■ **Records**:

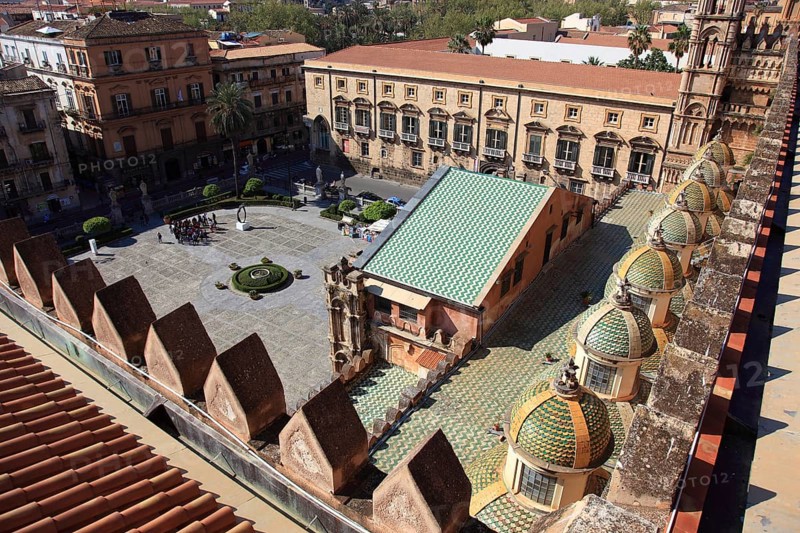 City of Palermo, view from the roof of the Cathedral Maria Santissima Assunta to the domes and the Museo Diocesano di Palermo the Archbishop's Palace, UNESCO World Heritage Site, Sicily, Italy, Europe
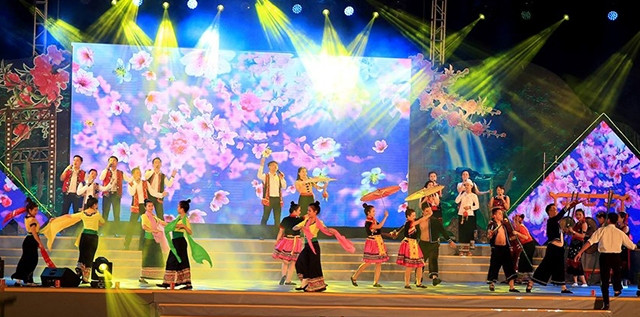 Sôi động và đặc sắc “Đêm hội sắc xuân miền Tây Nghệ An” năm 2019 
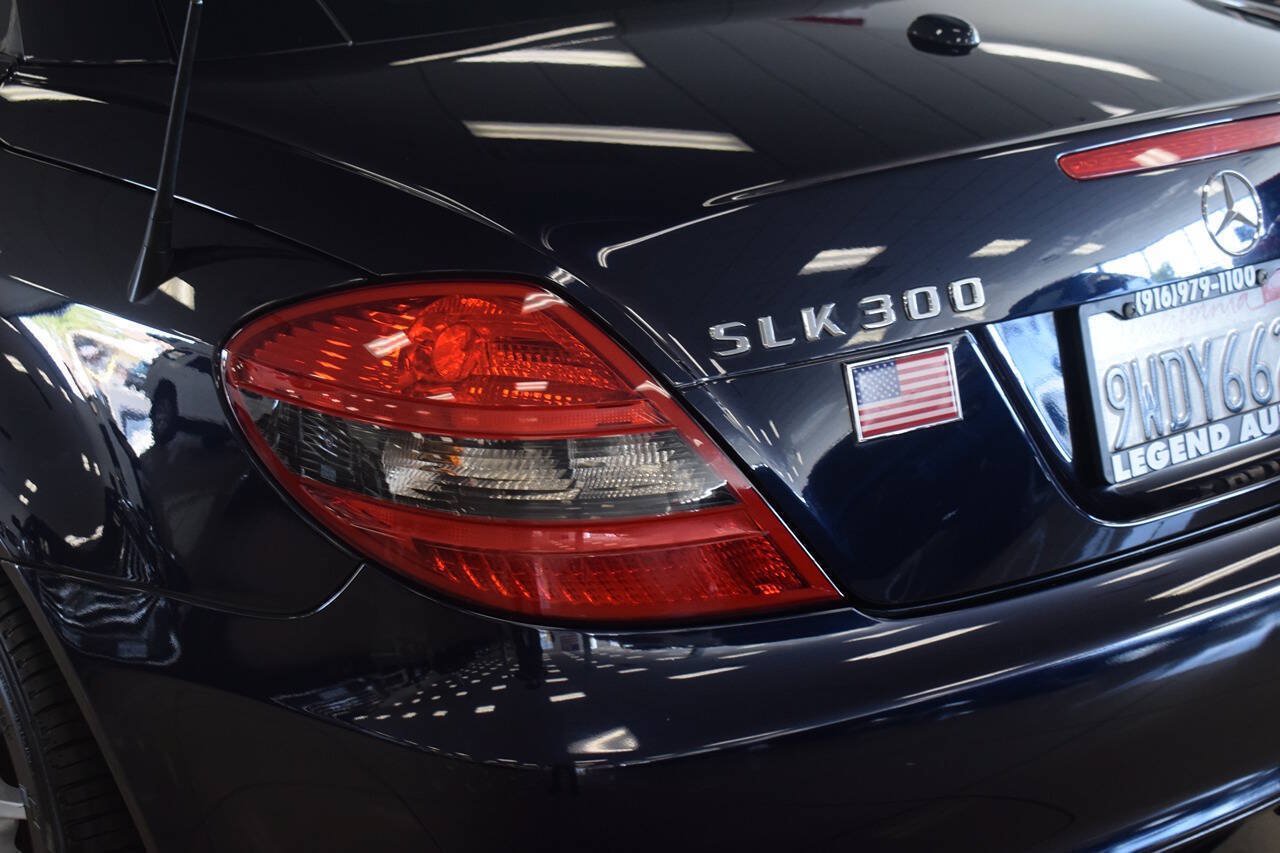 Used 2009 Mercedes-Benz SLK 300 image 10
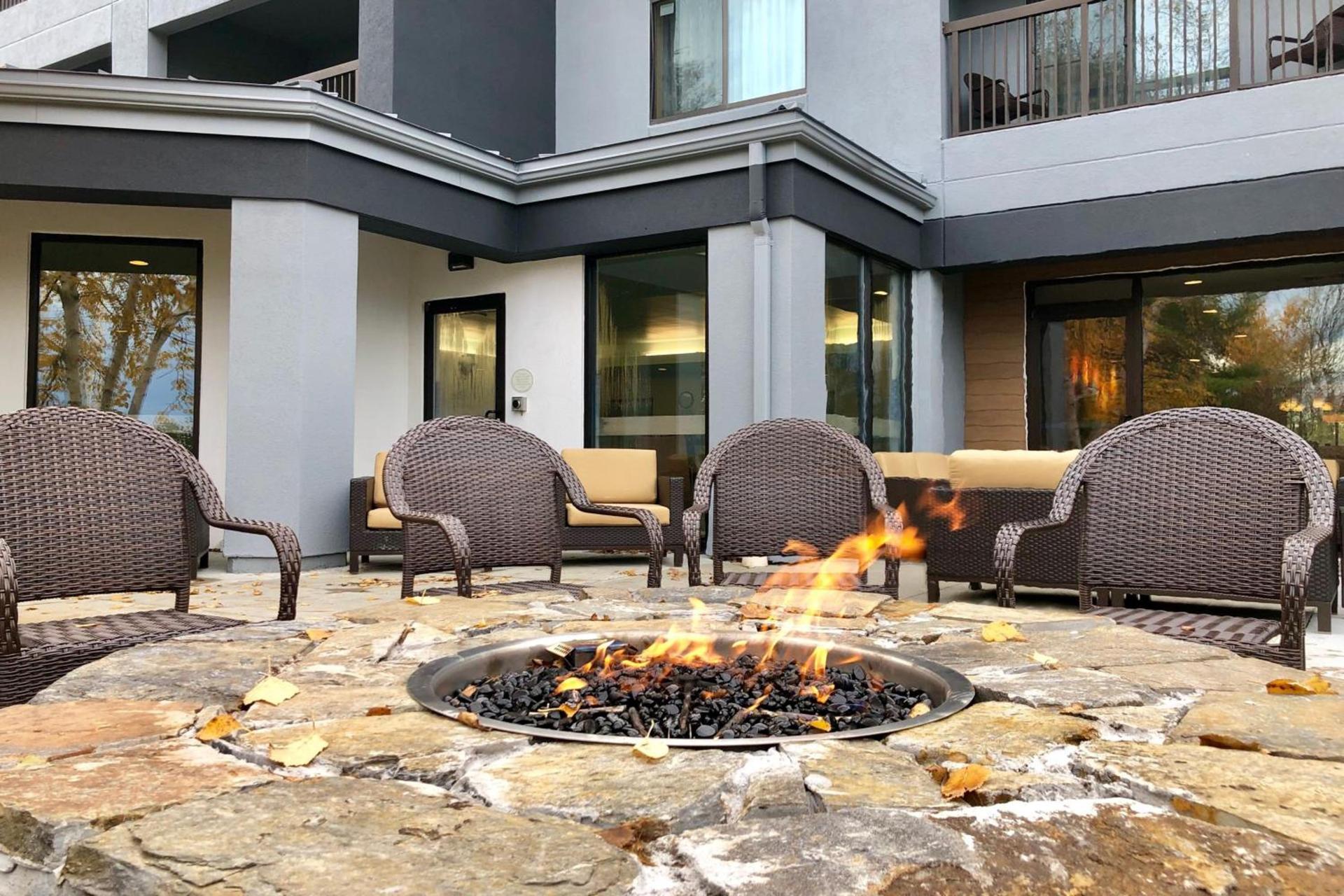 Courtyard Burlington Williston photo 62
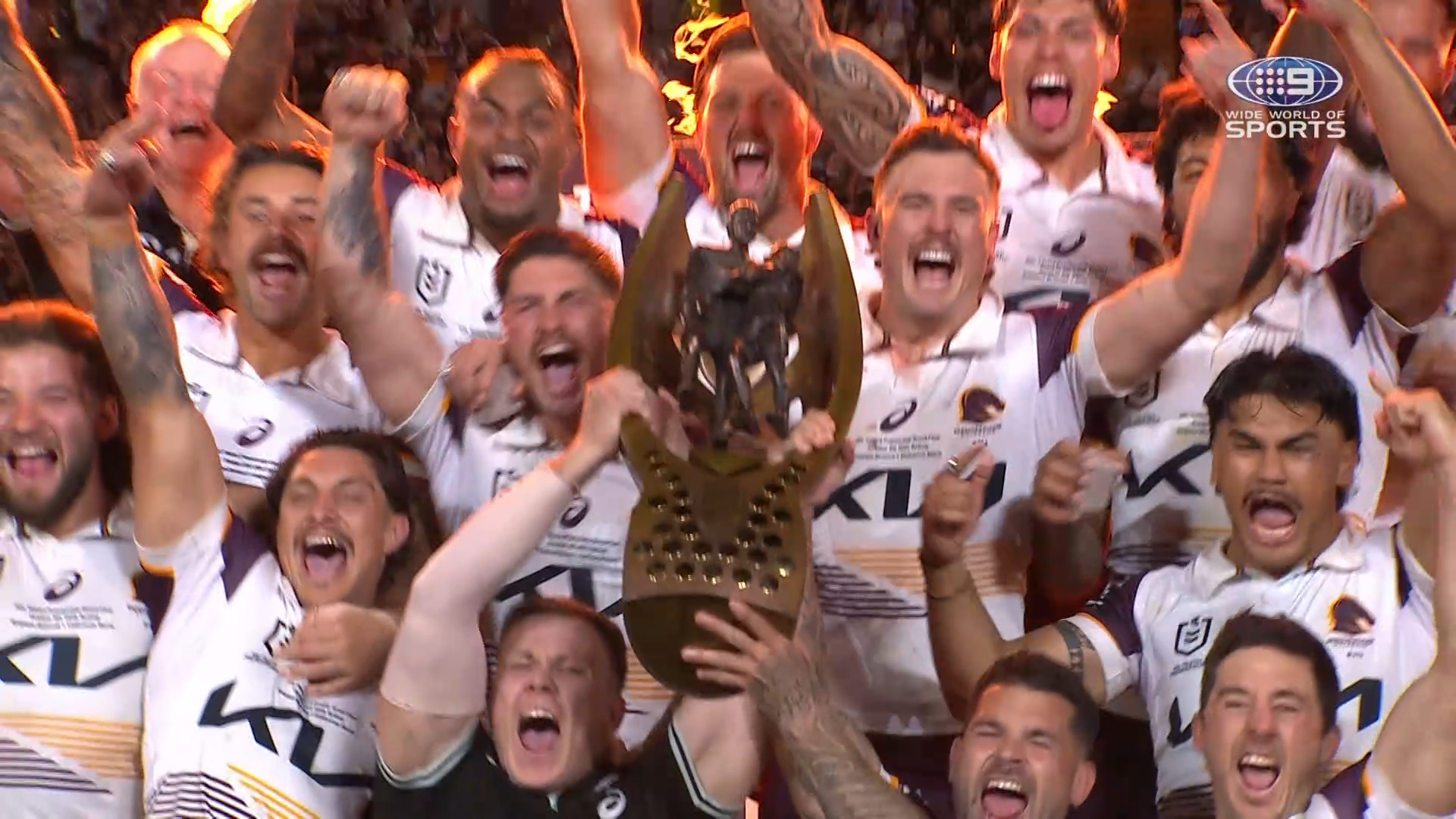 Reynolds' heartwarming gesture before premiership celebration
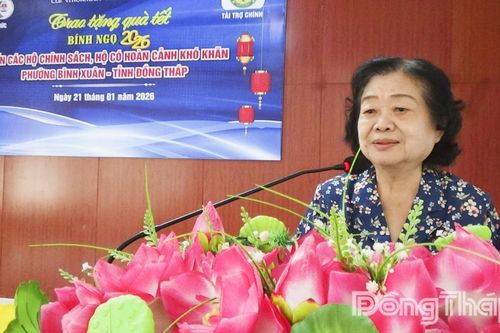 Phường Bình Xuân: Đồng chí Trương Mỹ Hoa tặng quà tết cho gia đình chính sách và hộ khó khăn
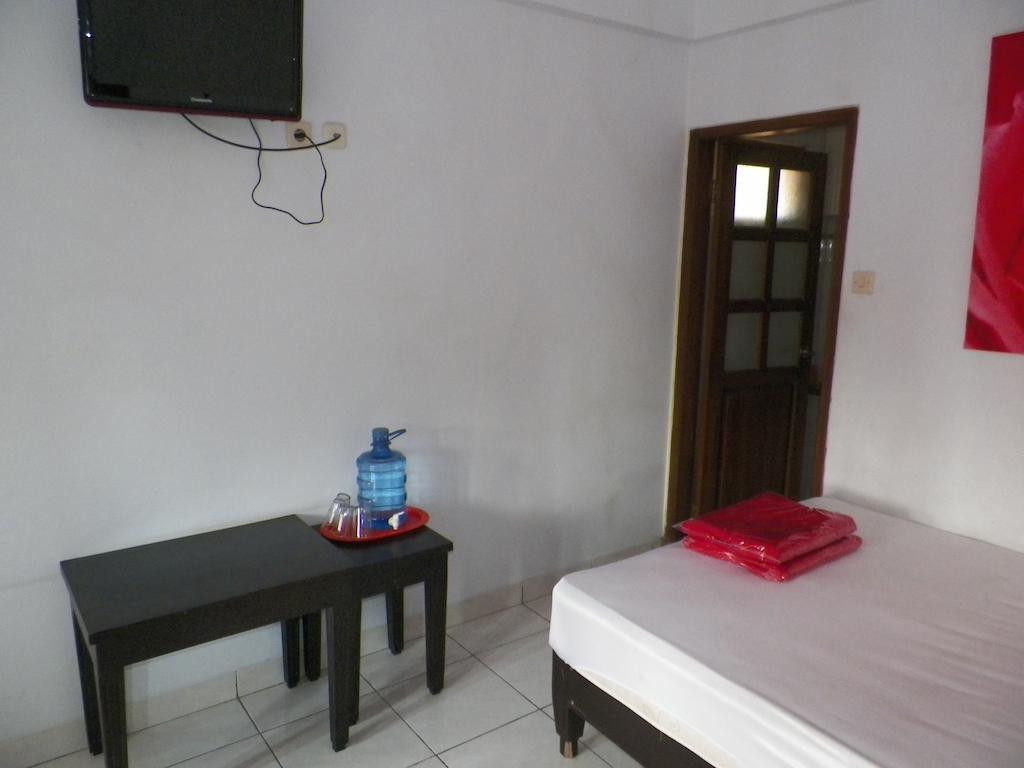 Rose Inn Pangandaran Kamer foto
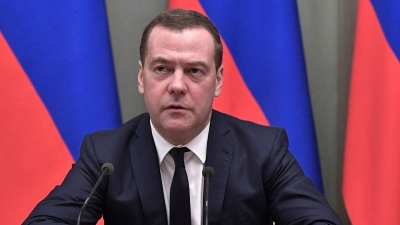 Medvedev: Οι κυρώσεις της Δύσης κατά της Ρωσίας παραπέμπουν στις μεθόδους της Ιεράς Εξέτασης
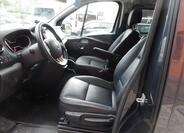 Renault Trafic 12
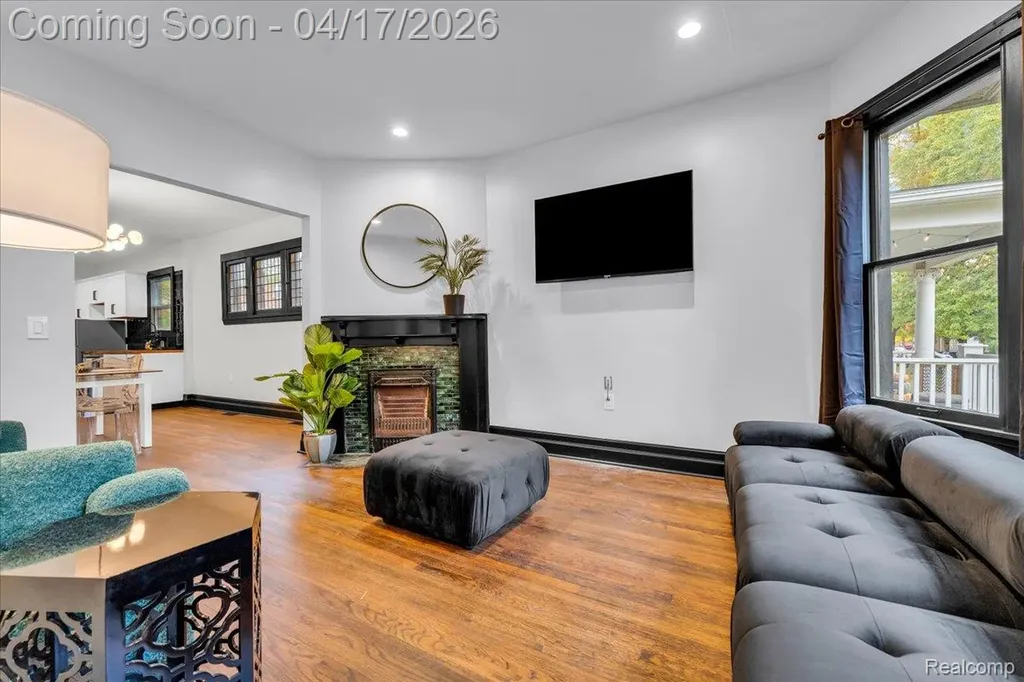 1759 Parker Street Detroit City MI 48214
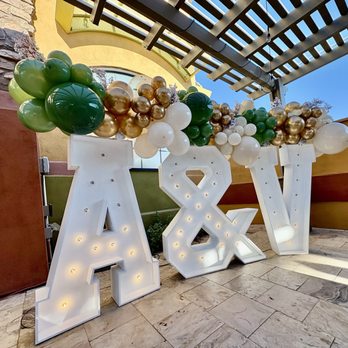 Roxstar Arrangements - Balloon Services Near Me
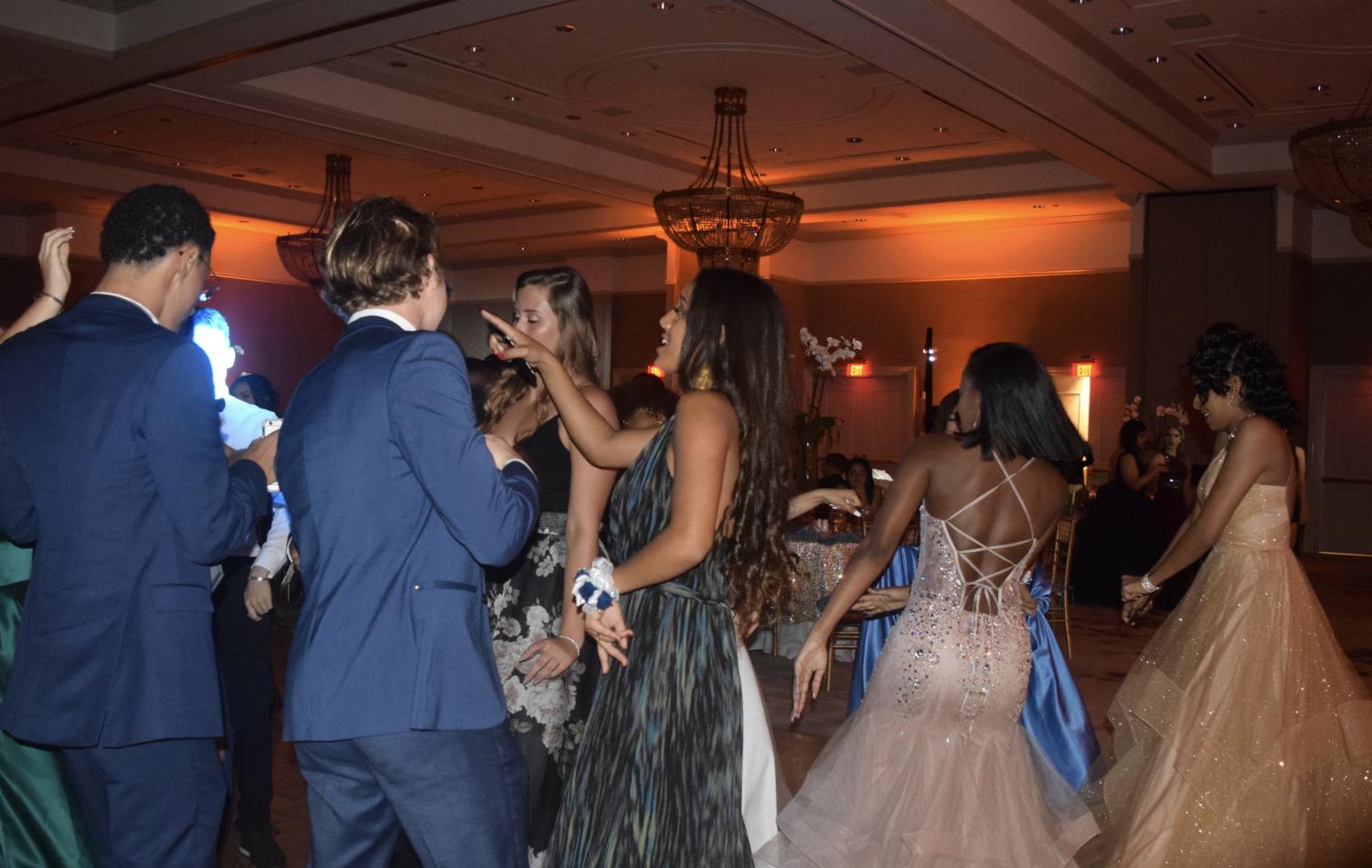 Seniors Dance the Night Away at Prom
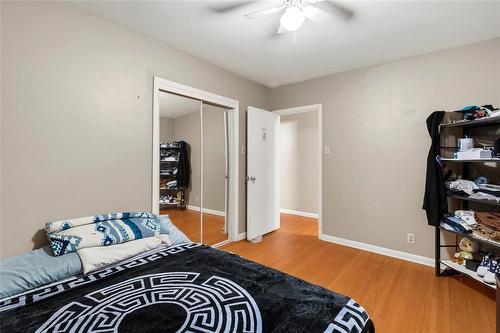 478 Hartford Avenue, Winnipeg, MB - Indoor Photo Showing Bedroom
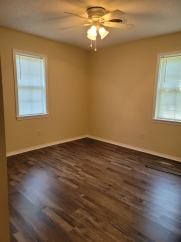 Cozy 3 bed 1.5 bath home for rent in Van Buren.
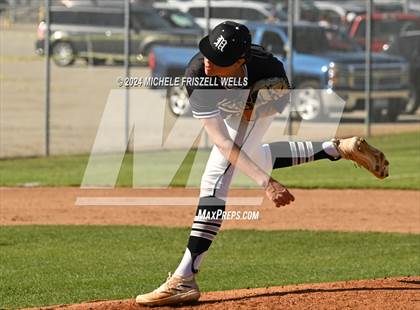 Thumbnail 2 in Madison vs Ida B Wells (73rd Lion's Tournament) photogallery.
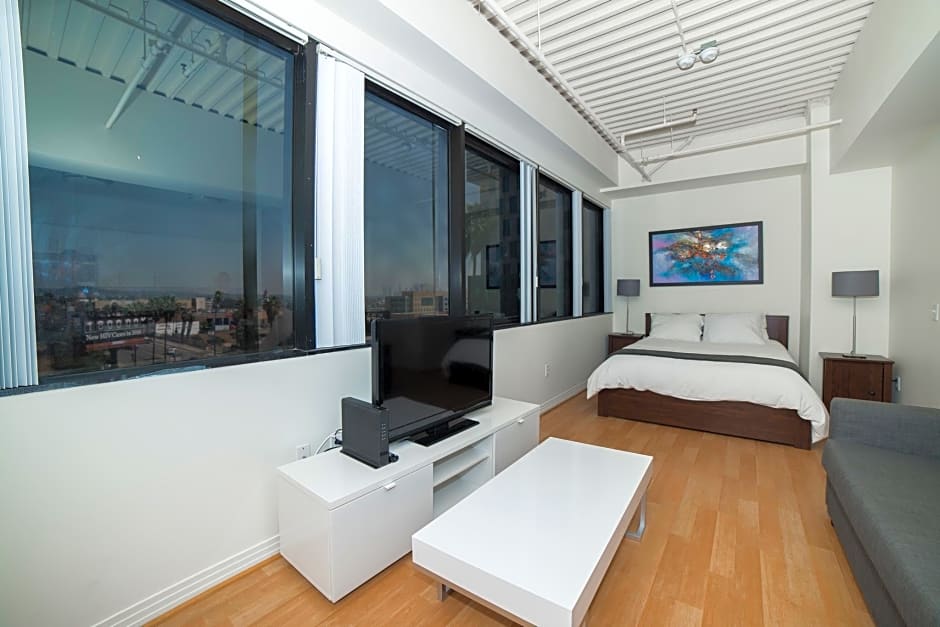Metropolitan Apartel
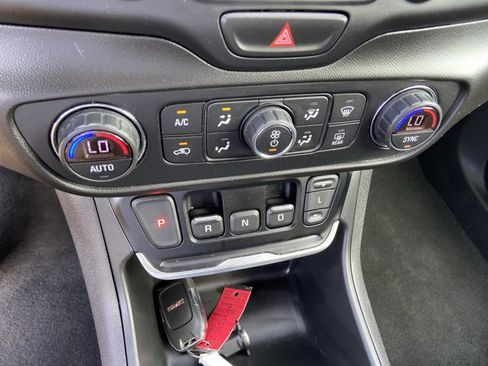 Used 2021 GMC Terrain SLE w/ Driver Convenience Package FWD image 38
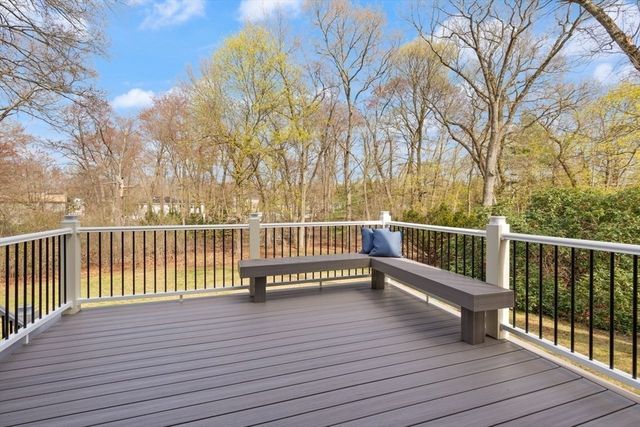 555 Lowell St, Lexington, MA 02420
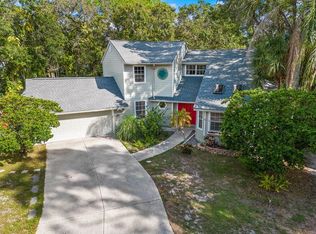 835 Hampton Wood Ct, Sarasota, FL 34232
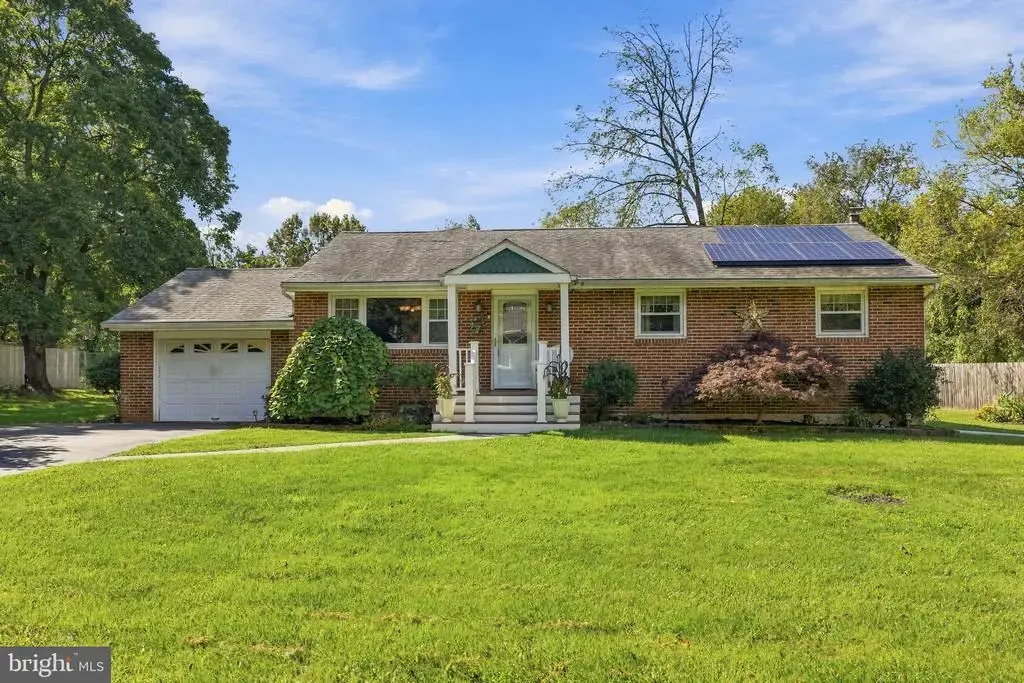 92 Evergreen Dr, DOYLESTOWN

■ **Work order**:
The answer should be the complete listing, set down exactly, without pictures.

■ **Solved problem**:
 City of Palermo, view from the roof of the Cathedral Maria Santissima Assunta to the domes and the Museo Diocesano di Palermo the Archbishop's Palace, UNESCO World Heritage Site, Sicily, Italy, Europe
 Sôi động và đặc sắc “Đêm hội sắc xuân miền Tây Nghệ An” năm 2019 
 Used 2009 Mercedes-Benz SLK 300 image 10
 Courtyard Burlington Williston photo 62
 Reynolds' heartwarming gesture before premiership celebration
 Phường Bình Xuân: Đồng chí Trương Mỹ Hoa tặng quà tết cho gia đình chính sách và hộ khó khăn
 Rose Inn Pangandaran Kamer foto
 Medvedev: Οι κυρώσεις της Δύσης κατά της Ρωσίας παραπέμπουν στις μεθόδους της Ιεράς Εξέτασης
 Renault Trafic 12
 1759 Parker Street Detroit City MI 48214
 Roxstar Arrangements - Balloon Services Near Me
 Seniors Dance the Night Away at Prom
 478 Hartford Avenue, Winnipeg, MB - Indoor Photo Showing Bedroom
 Cozy 3 bed 1.5 bath home for rent in Van Buren.
 Thumbnail 2 in Madison vs Ida B Wells (73rd Lion's Tournament) photogallery.
Metropolitan Apartel
 Used 2021 GMC Terrain SLE w/ Driver Convenience Package FWD image 38
 555 Lowell St, Lexington, MA 02420
 835 Hampton Wood Ct, Sarasota, FL 34232
 92 Evergreen Dr, DOYLESTOWN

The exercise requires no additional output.